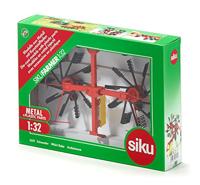 Siku 2451 Fella hark 1:32 - thumbnail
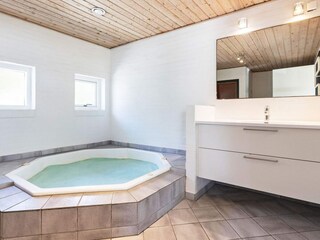 Holiday house Blåvand  13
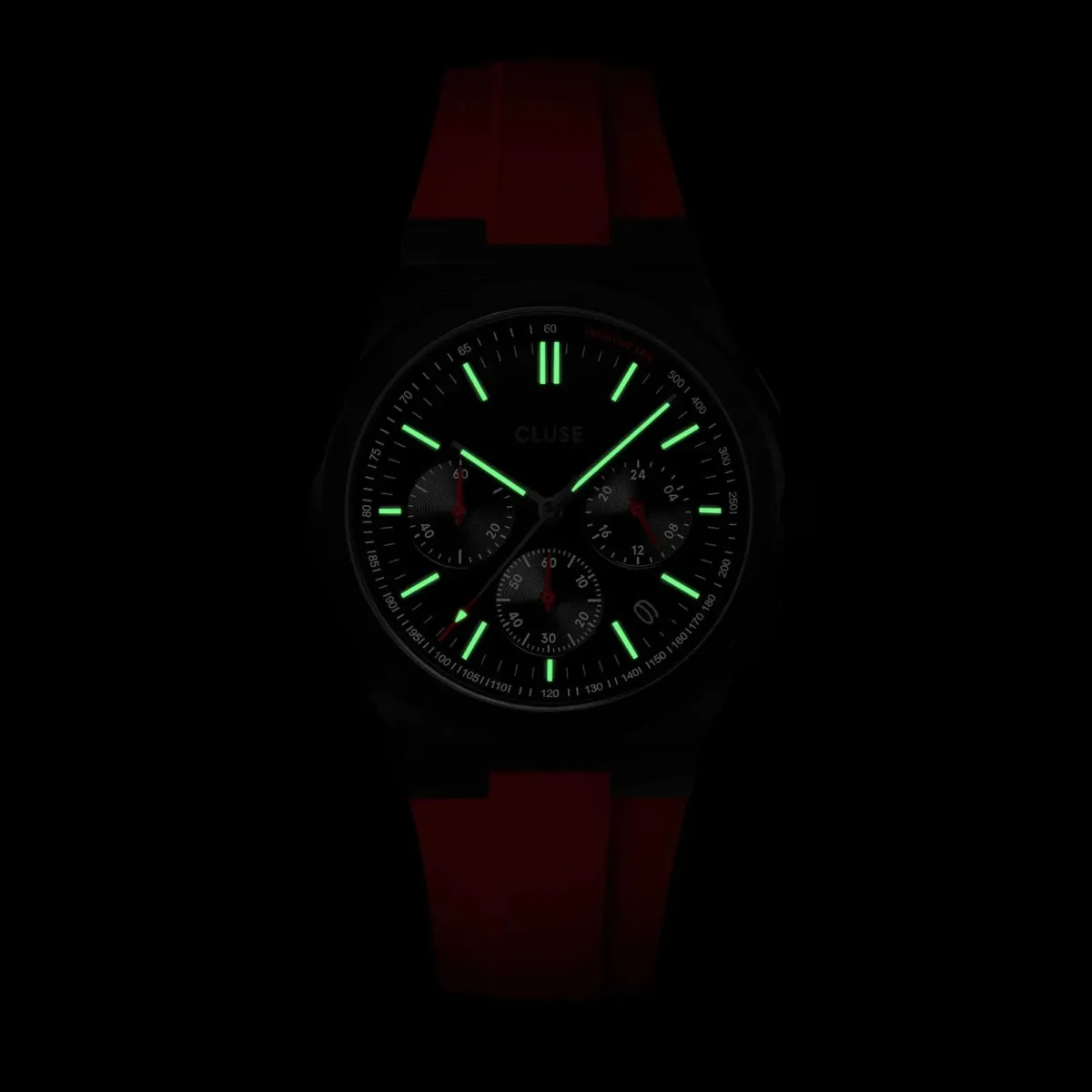 Наручные часы  Cluse  Vigoureux Cluse CW20810 (фото 5)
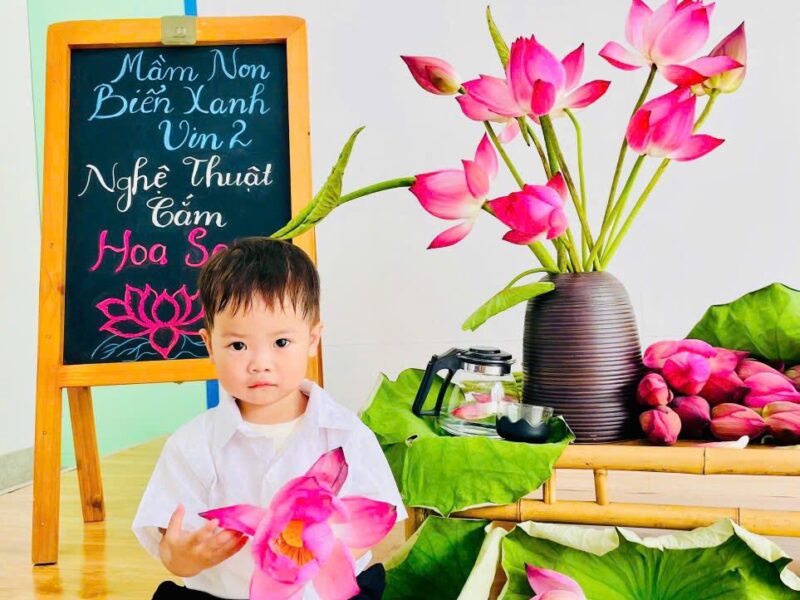 Tiết học: Nghệ thuật - Ảnh 8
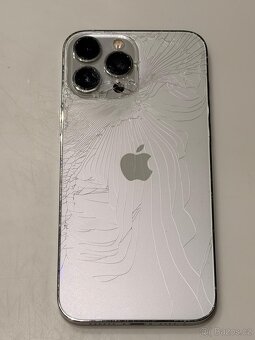 iPHONE 13 ProMax - 2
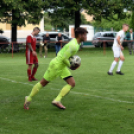 Rábaszentandrási Sportegyesület - BICSKEI TC. MOL Kupa Labdarúgó mérkőzés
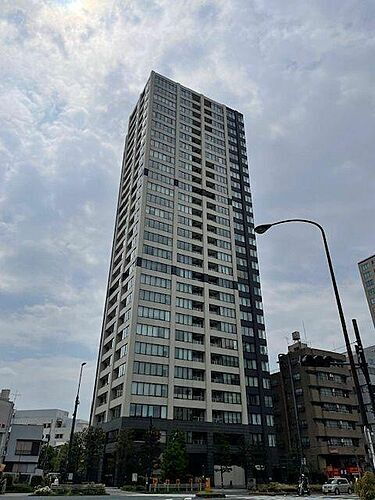 東京都港区高輪３丁目 29階建 築15年3ヶ月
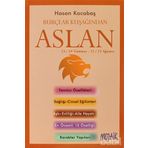 BURÇLAR ASLAN (CEP BOY) - HASAN KOCABAŞ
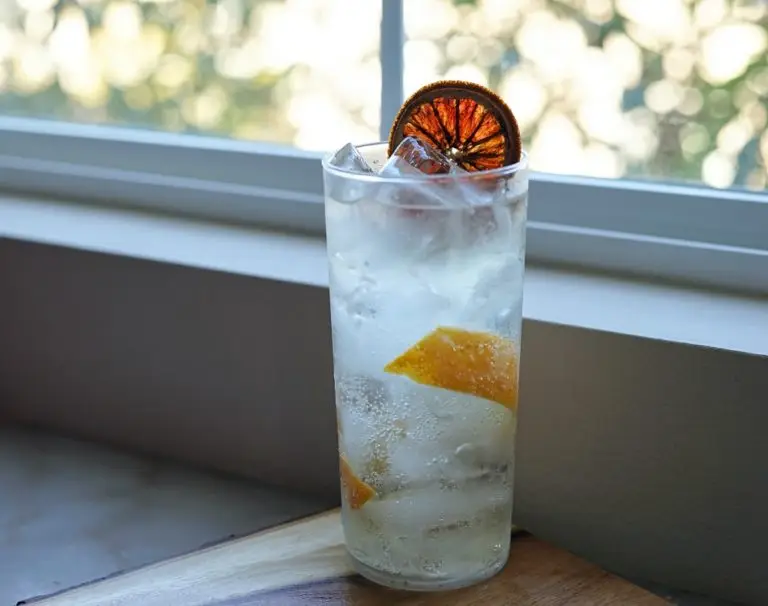 Read more about the article Shochu Cocktail Recipe: Nankai Hop Soda Highball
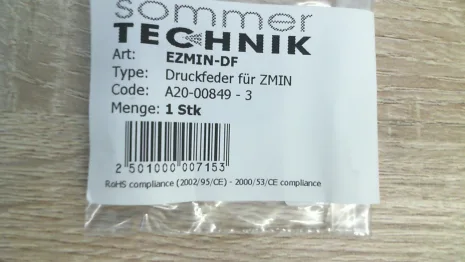 EZMIN-DF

================================

→ **YOUR INSTRUCTIONS**:
The lines from the one holding "Read more about" through the end of the entries are to be transcribed exactly, both ends included, with the pictures left out.

→ **RESULT OF THE TASK**:
 Read more about the article Shochu Cocktail Recipe: Nankai Hop Soda Highball
 EZMIN-DF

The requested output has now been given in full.